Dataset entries
Content starts
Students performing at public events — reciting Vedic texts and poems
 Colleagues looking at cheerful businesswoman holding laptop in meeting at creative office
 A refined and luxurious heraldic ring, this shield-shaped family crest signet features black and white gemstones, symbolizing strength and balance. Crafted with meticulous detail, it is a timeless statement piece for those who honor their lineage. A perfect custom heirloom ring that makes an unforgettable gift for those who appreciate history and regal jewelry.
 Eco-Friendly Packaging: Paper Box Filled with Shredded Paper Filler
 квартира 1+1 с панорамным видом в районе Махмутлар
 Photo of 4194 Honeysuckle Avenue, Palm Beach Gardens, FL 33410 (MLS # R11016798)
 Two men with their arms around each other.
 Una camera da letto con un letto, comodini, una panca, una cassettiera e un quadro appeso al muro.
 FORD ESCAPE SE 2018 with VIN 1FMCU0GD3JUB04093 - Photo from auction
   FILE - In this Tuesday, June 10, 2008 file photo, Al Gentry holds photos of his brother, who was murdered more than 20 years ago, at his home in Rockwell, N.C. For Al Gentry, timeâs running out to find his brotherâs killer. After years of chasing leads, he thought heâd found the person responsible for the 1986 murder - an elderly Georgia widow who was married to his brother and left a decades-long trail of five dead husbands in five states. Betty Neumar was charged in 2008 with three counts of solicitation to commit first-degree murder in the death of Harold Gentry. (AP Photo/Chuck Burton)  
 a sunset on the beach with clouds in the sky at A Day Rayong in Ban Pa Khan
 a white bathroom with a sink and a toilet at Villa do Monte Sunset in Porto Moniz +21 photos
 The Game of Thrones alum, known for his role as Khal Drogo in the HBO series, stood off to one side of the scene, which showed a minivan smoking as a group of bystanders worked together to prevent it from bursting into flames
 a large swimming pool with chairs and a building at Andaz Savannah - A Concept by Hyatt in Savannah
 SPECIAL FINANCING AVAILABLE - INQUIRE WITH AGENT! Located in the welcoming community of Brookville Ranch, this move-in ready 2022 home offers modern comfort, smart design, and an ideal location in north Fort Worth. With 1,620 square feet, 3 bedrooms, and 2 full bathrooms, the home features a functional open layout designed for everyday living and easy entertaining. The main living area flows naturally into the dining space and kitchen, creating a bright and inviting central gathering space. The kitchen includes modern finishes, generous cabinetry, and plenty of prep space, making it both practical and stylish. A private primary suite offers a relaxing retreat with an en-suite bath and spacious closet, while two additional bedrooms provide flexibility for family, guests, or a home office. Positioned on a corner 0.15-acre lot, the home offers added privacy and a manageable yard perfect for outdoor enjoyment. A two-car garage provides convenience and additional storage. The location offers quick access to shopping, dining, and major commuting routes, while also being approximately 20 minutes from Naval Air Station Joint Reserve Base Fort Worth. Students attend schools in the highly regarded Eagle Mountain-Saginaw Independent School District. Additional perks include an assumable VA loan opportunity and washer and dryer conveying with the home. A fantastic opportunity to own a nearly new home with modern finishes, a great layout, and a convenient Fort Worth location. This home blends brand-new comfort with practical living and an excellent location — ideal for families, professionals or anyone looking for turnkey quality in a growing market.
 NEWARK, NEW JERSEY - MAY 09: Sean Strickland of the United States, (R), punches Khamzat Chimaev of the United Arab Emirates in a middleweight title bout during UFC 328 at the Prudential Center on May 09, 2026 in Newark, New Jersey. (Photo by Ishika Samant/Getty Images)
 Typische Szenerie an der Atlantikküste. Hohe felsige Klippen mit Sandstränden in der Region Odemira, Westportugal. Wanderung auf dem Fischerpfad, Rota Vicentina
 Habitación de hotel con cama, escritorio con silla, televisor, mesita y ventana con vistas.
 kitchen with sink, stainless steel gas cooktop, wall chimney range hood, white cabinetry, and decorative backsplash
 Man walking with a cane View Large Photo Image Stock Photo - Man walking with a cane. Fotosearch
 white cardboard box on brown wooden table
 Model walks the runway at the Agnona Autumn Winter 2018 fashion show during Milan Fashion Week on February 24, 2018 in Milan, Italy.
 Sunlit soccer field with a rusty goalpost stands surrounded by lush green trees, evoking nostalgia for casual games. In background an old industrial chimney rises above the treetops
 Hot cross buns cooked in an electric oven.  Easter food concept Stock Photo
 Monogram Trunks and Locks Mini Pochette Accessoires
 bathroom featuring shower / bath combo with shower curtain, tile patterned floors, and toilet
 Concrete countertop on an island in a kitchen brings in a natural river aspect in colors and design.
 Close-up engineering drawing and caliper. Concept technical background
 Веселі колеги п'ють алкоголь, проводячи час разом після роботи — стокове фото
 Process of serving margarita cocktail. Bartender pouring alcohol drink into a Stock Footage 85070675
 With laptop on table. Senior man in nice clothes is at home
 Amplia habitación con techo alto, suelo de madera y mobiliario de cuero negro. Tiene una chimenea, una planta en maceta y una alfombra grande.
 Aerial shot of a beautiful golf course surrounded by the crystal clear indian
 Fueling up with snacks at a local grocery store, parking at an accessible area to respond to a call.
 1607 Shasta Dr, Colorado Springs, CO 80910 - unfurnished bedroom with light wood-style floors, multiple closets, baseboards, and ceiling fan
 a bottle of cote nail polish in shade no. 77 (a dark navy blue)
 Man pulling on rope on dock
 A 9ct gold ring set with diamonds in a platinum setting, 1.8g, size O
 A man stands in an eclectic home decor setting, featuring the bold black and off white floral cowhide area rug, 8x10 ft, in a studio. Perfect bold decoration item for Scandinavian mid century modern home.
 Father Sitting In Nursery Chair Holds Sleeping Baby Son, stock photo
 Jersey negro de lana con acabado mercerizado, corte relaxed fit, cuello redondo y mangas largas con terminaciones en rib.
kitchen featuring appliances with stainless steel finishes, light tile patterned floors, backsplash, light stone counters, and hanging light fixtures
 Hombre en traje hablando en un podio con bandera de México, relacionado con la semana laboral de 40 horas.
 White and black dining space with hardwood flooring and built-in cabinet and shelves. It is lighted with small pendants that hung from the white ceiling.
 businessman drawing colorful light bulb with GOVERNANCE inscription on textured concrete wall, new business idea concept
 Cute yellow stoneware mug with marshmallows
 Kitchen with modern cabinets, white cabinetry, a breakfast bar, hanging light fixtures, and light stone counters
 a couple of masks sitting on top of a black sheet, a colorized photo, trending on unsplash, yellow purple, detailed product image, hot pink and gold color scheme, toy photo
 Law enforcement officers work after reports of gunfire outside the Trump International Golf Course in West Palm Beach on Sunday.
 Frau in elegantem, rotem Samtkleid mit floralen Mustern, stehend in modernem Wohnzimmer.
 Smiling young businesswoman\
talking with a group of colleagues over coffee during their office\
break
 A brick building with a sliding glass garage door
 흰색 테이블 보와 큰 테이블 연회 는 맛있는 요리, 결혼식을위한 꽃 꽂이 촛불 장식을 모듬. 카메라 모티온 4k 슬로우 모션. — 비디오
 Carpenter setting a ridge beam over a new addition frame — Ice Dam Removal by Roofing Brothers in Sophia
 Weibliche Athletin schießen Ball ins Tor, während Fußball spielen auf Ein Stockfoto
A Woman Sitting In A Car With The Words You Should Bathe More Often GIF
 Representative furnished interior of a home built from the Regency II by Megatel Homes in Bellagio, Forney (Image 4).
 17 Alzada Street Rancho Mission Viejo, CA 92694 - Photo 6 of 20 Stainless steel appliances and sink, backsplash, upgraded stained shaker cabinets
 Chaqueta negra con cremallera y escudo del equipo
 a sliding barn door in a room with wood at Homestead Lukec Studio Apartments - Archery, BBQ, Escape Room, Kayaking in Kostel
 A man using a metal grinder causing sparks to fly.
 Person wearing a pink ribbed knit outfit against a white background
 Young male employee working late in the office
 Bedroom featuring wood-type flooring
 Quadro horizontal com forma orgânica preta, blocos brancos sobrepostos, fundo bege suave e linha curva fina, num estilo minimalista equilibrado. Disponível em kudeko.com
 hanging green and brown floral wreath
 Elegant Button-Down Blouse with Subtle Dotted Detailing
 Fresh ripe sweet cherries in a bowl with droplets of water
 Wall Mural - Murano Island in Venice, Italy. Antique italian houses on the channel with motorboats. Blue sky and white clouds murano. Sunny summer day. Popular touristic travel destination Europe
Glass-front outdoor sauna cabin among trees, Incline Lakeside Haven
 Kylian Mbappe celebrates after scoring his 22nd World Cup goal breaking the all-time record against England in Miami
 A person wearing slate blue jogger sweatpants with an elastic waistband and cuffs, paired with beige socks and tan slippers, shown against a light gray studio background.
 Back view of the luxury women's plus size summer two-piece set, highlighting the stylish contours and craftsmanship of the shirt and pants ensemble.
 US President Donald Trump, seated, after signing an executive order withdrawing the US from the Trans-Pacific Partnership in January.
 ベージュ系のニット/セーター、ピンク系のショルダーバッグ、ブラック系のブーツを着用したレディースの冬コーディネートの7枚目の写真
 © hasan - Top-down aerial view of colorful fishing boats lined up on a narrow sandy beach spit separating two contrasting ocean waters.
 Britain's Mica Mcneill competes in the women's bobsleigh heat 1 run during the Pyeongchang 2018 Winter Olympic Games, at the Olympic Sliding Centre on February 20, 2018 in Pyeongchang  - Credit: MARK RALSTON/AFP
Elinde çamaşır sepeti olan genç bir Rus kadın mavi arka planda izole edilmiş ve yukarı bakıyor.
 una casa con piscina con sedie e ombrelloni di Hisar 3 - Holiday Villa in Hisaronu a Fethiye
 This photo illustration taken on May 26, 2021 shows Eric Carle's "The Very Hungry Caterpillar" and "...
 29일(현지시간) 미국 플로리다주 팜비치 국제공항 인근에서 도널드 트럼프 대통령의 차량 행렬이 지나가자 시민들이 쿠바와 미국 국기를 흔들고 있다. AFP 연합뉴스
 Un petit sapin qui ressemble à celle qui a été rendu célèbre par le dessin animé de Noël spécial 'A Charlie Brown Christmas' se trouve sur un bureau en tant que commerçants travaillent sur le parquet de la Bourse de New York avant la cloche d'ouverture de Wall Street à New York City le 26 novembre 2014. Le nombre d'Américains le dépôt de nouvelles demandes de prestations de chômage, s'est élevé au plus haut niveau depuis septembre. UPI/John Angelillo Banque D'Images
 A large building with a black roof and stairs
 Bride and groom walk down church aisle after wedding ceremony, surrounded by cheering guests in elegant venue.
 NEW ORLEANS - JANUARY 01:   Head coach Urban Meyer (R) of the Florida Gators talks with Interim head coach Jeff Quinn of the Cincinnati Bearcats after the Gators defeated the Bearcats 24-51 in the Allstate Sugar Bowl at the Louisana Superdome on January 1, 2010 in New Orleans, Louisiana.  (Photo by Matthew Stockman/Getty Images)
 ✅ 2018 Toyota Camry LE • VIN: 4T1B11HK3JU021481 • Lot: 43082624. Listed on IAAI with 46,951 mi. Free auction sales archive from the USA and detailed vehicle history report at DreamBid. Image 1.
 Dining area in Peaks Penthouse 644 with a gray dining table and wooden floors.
Content ends
Search the entries above for the word "appliances" and copy each line where it appears.

kitchen featuring appliances with stainless steel finishes, light tile patterned floors, backsplash, light stone counters, and hanging light fixtures
 17 Alzada Street Rancho Mission Viejo, CA 92694 - Photo 6 of 20 Stainless steel appliances and sink, backsplash, upgraded stained shaker cabinets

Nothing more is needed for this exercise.